── SUPPLIED DATA ──

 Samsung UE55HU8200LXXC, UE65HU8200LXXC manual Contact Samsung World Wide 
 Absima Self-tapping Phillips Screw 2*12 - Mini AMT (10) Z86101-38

───
── SUPPLIED DATA ──

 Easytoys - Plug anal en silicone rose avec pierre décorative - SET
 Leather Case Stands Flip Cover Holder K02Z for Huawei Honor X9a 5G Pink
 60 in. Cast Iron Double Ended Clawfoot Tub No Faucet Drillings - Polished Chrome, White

───

=== REQUIREMENT ===
Lines to set down from above: the line with "Leather Case Stands", the line with "60 in. Cast", and every line between, each exactly as written.

=== SOLUTION TO THE EXERCISE ===
 Leather Case Stands Flip Cover Holder K02Z for Huawei Honor X9a 5G Pink
 60 in. Cast Iron Double Ended Clawfoot Tub No Faucet Drillings - Polished Chrome, White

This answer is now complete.